Due fidanzatini coreani si separano causa trasferimento in America di lei, dopo quasi trent’anni si ritrovano ma lei è sposata. Il film però non presenta nessuna carica passionale ritrovata o un alone di tradimento e bugie che deve essere nascosto, anzi, la storia tra i tre protagonisti (lei, lui e il marito americano di lei) è dolce, quasi infantile, essendo praticamente frutto di un amore immaginario in età preadolescenziale.
Il rapporto si dipana nel tempo tra Stati Uniti d’America e Corea del Sud in un incontro tra culture e modi di vivere diversi. Da padrona la fa però il misticismo coreano sul concetto di “In-Yun” una sorta di destino che ha a che fare con le vite passate. Il rapporto tra Nora e Hae Sung è di scoperta e riscoperta, una relazione inesistente che ha più le sfumature di un gioco o di un esperimento a cui è partecipe anche Arthur, marito di lei, in una situazione che rappresentata in un altro modo sarebbe risultata imbarazzante, qui quasi poetica.
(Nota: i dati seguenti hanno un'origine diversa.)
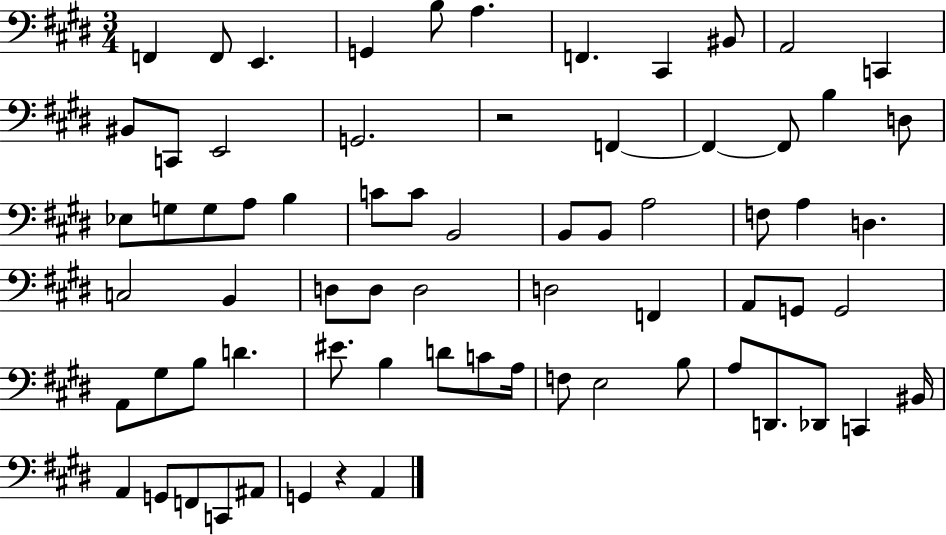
F2/q F2/e E2/q. G2/q B3/e A3/q. F2/q. C#2/q BIS2/e A2/h C2/q BIS2/e C2/e E2/h G2/h. R/h F2/q F2/q F2/e B3/q D3/e Eb3/e G3/e G3/e A3/e B3/q C4/e C4/e B2/h B2/e B2/e A3/h F3/e A3/q D3/q. C3/h B2/q D3/e D3/e D3/h D3/h F2/q A2/e G2/e G2/h A2/e G#3/e B3/e D4/q. EIS4/e. B3/q D4/e C4/e A3/s F3/e E3/h B3/e A3/e D2/e. Db2/e C2/q BIS2/s A2/q G2/e F2/e C2/e A#2/e G2/q R/q A2/q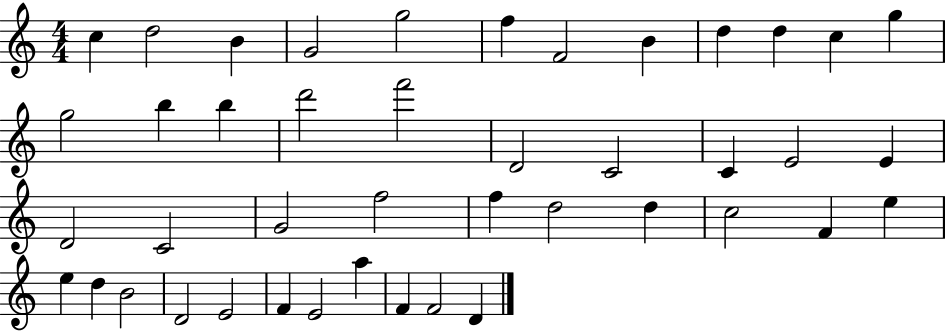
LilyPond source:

{
  \clef treble
  \numericTimeSignature
  \time 4/4
  \key c \major
  c''4 d''2 b'4 | g'2 g''2 | f''4 f'2 b'4 | d''4 d''4 c''4 g''4 | \break g''2 b''4 b''4 | d'''2 f'''2 | d'2 c'2 | c'4 e'2 e'4 | \break d'2 c'2 | g'2 f''2 | f''4 d''2 d''4 | c''2 f'4 e''4 | \break e''4 d''4 b'2 | d'2 e'2 | f'4 e'2 a''4 | f'4 f'2 d'4 | \break \bar "|."
}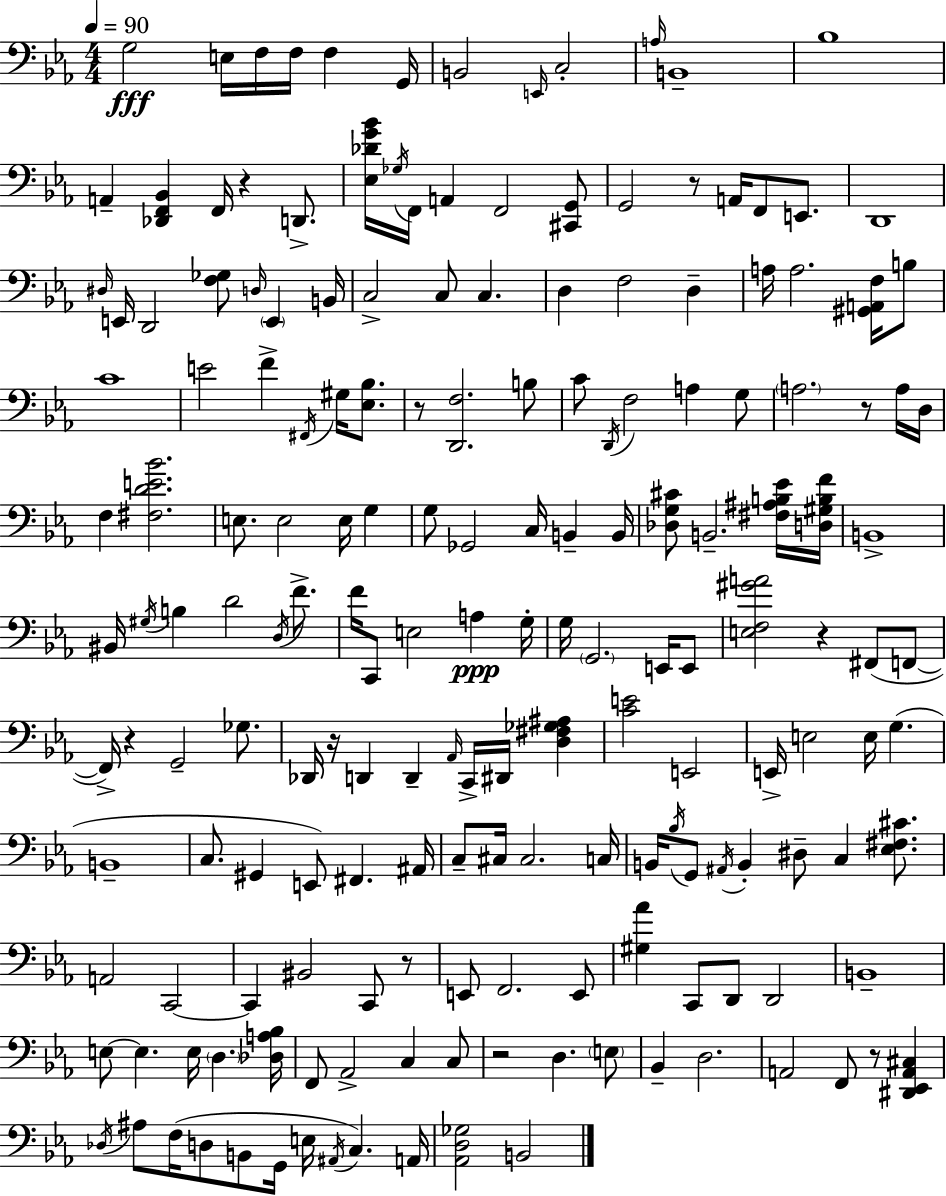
X:1
T:Untitled
M:4/4
L:1/4
K:Cm
G,2 E,/4 F,/4 F,/4 F, G,,/4 B,,2 E,,/4 C,2 A,/4 B,,4 _B,4 A,, [_D,,F,,_B,,] F,,/4 z D,,/2 [_E,_DG_B]/4 _G,/4 F,,/4 A,, F,,2 [^C,,G,,]/2 G,,2 z/2 A,,/4 F,,/2 E,,/2 D,,4 ^D,/4 E,,/4 D,,2 [F,_G,]/2 D,/4 E,, B,,/4 C,2 C,/2 C, D, F,2 D, A,/4 A,2 [^G,,A,,F,]/4 B,/2 C4 E2 F ^F,,/4 ^G,/4 [_E,_B,]/2 z/2 [D,,F,]2 B,/2 C/2 D,,/4 F,2 A, G,/2 A,2 z/2 A,/4 D,/4 F, [^F,DE_B]2 E,/2 E,2 E,/4 G, G,/2 _G,,2 C,/4 B,, B,,/4 [_D,G,^C]/2 B,,2 [^F,^A,B,_E]/4 [D,^G,B,F]/4 B,,4 ^B,,/4 ^G,/4 B, D2 D,/4 F/2 F/4 C,,/2 E,2 A, G,/4 G,/4 G,,2 E,,/4 E,,/2 [E,F,^GA]2 z ^F,,/2 F,,/2 F,,/4 z G,,2 _G,/2 _D,,/4 z/4 D,, D,, _A,,/4 C,,/4 ^D,,/4 [D,^F,_G,^A,] [CE]2 E,,2 E,,/4 E,2 E,/4 G, B,,4 C,/2 ^G,, E,,/2 ^F,, ^A,,/4 C,/2 ^C,/4 ^C,2 C,/4 B,,/4 _B,/4 G,,/2 ^A,,/4 B,, ^D,/2 C, [_E,^F,^C]/2 A,,2 C,,2 C,, ^B,,2 C,,/2 z/2 E,,/2 F,,2 E,,/2 [^G,_A] C,,/2 D,,/2 D,,2 B,,4 E,/2 E, E,/4 D, [_D,A,_B,]/4 F,,/2 _A,,2 C, C,/2 z2 D, E,/2 _B,, D,2 A,,2 F,,/2 z/2 [^D,,_E,,A,,^C,] _D,/4 ^A,/2 F,/4 D,/2 B,,/2 G,,/4 E,/4 ^A,,/4 C, A,,/4 [_A,,D,_G,]2 B,,2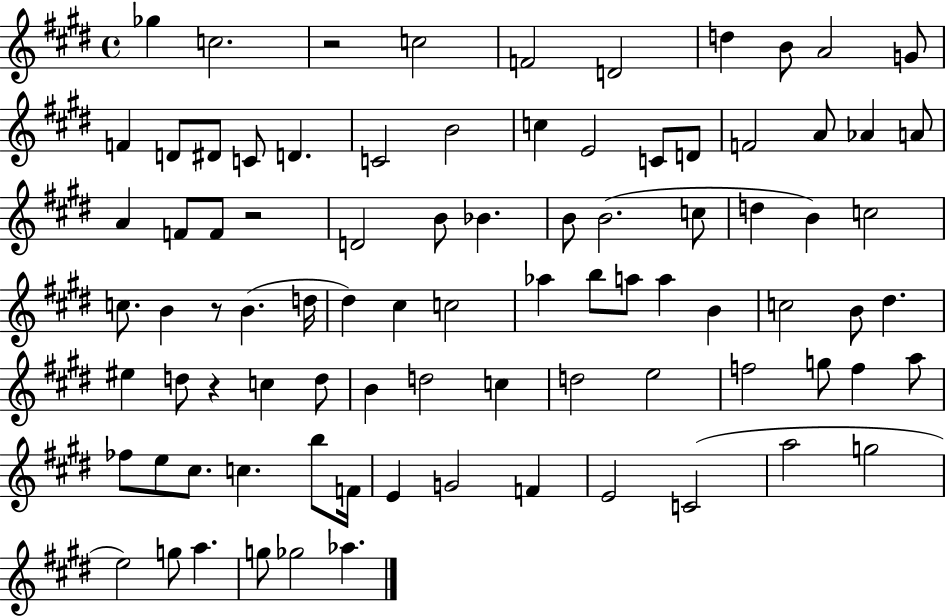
{
  \clef treble
  \time 4/4
  \defaultTimeSignature
  \key e \major
  \repeat volta 2 { ges''4 c''2. | r2 c''2 | f'2 d'2 | d''4 b'8 a'2 g'8 | \break f'4 d'8 dis'8 c'8 d'4. | c'2 b'2 | c''4 e'2 c'8 d'8 | f'2 a'8 aes'4 a'8 | \break a'4 f'8 f'8 r2 | d'2 b'8 bes'4. | b'8 b'2.( c''8 | d''4 b'4) c''2 | \break c''8. b'4 r8 b'4.( d''16 | dis''4) cis''4 c''2 | aes''4 b''8 a''8 a''4 b'4 | c''2 b'8 dis''4. | \break eis''4 d''8 r4 c''4 d''8 | b'4 d''2 c''4 | d''2 e''2 | f''2 g''8 f''4 a''8 | \break fes''8 e''8 cis''8. c''4. b''8 f'16 | e'4 g'2 f'4 | e'2 c'2( | a''2 g''2 | \break e''2) g''8 a''4. | g''8 ges''2 aes''4. | } \bar "|."
}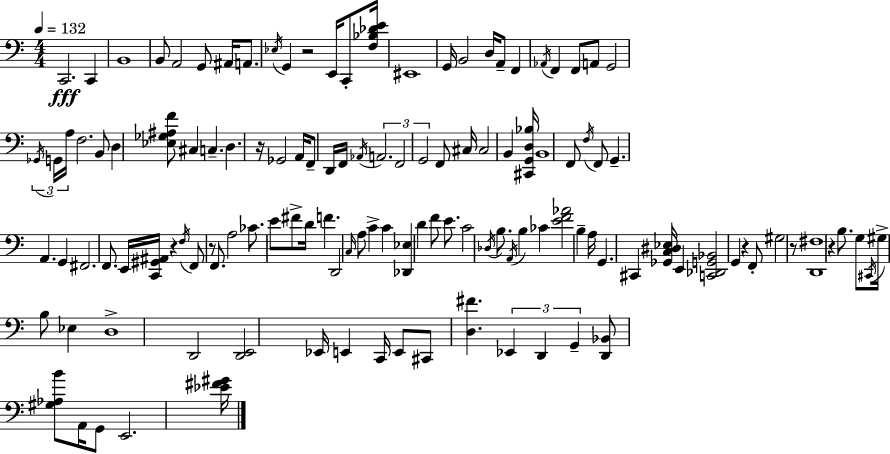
{
  \clef bass
  \numericTimeSignature
  \time 4/4
  \key a \minor
  \tempo 4 = 132
  \repeat volta 2 { c,2.\fff c,4 | b,1 | b,8 a,2 g,8 ais,16 a,8. | \acciaccatura { ees16 } g,4 r2 e,16 c,8-. | \break <f bes des' e'>16 eis,1 | g,16 b,2 d16 a,8-- f,4 | \acciaccatura { aes,16 } f,4 f,8 a,8 g,2 | \tuplet 3/2 { \acciaccatura { ges,16 } g,16 a16 } f2. | \break b,8 d4 <ees ges ais f'>8 cis4 c4.-- | d4. r16 ges,2 | a,16 f,8-- d,16 f,16 \acciaccatura { aes,16 } \tuplet 3/2 { a,2. | f,2 g,2 } | \break f,8 cis16 cis2 b,4 | <cis, g, d bes>16 b,1 | f,8 \acciaccatura { f16 } f,8 g,4.-- a,4. | g,4 fis,2. | \break f,8. e,16 <c, gis, ais,>16 r4 \acciaccatura { f16 } f,8 | r8 f,8. a2 ces'8. | e'8 fis'8-> d'16 f'4. d,2 | \grace { c16 } a8 c'4-> c'4 <des, ees>4 | \break d'4 f'8 e'8. c'2 | \acciaccatura { des16 } b8. \acciaccatura { a,16 } b4 ces'4 | <e' f' aes'>2 b4-- a16 g,4. | cis,4 <ges, c dis ees>16 e,4 <c, des, g, bes,>2 | \break g,4 r4 f,8-. gis2 | r8 <d, fis>1 | r4 b8. | g8 \acciaccatura { cis,16 } gis16-> b8 ees4 d1-> | \break d,2 | <d, e,>2 ees,16 e,4 c,16 | e,8 cis,8 <d fis'>4. \tuplet 3/2 { ees,4 d,4 | g,4-- } <d, bes,>8 <gis aes b'>8 a,16 g,8 e,2. | \break <ees' fis' gis'>16 } \bar "|."
}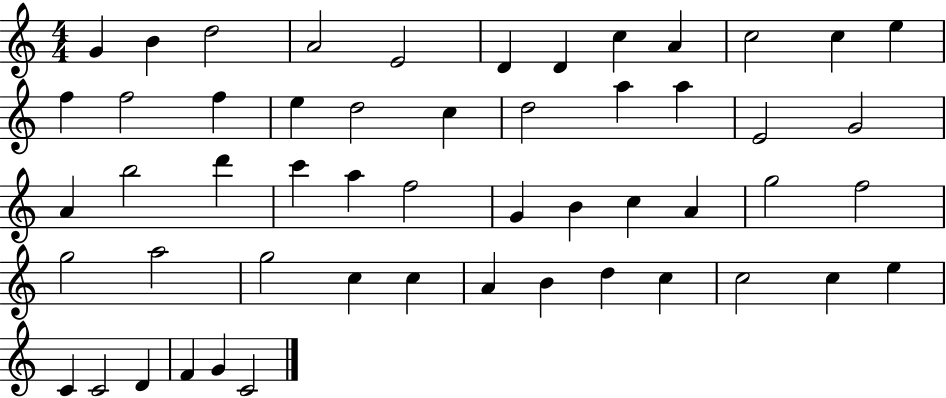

Il tenore della regia è calmo e indulgente, soprattutto sui volti dei protagonisti. Spicca un senso di freschezza nei dialoghi con una certa differenza tra quelli in coreano e quelli in inglese, se i primi sono infatti più sentimentali, dolci e divertenti, ricalcando proprio quel senso di freschezza di una prima frequentazione, i secondi sono più duri e disillusi se pur carichi d’affetto. Questo gioco di dialoghi, presente maggiormente nella seconda parte del film, è ciò che giova maggiormente alla pellicola facendo risultare la prima parte però lenta e meno avvincente nella memoria anche se utile a caricare gli interessi che si svilupperanno nella seconda metà.
Pur con i limiti ritmici di un’opera prima Celine Song riesce quindi a confezionare una storia d’amore atipica capace di emozionare che risulta più un grande “e se?” in un rapporto che non sboccia mai e nella riscoperta di una o più esistenze passate lasciate indietro seguendo i casi della vita.